The Ukrainians

Diaspora

Zirka 038CD14

***

Full Price (53 mins)



Originally published in Songlines.

By now, the story of how 80s rock band The Wedding Present reworked some Ukrainian folk tunes for a BBC John Peel Session, and ended up with a minor chart hit on their hands is the stuff of legend. Much horilka has flowed since those heady days – Cossack culture is hip back home again, and their student fan-base has been usurped by upstarts Gogol Bordello – but the trusty Ukes show no sign of tiring. With their trademark soaring field harmonies above the chugging, old school rock n roll ethos, and traditional bandura lute and accordion dancing over distortion pedals, Diaspora is a return to form.
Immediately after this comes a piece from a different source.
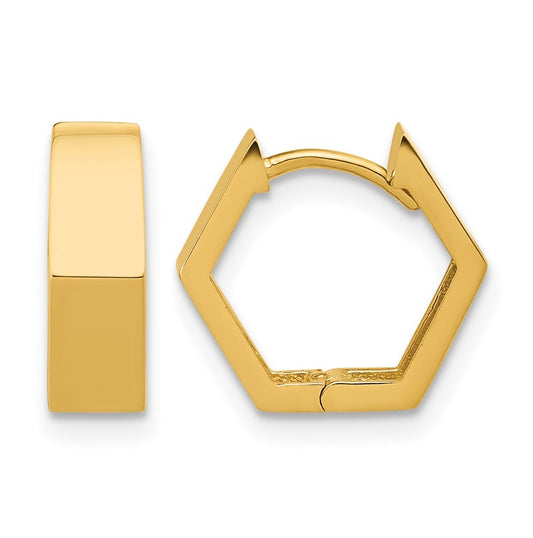 14k Yellow Gold Polished Hexagon Hinged Hoop Earrings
Amongst their covers this time around, Brahms’s Hungarian Dances – it is basically Ukrainian according to the Ukes – and T Rex’s Children of the Revolution. It’s all typically rousing stuff, particularly the supercharged Brahms reworking ‘Emigranty’ and the violin led thrashout ‘Marusya Bohuslavka’, where the heroic maiden Marusya rescues some Cossacks stuck in a 17th century epic poem. You’ll need a strong stomach for some of the lyrics – which can get a bit too strident and flag-waving for my taste – but if you can take the rose-tinted eulogies to the great nation with irony, Diaspora is an hour of classic Ukrainians material: fast, furious, and very vodka-friendly.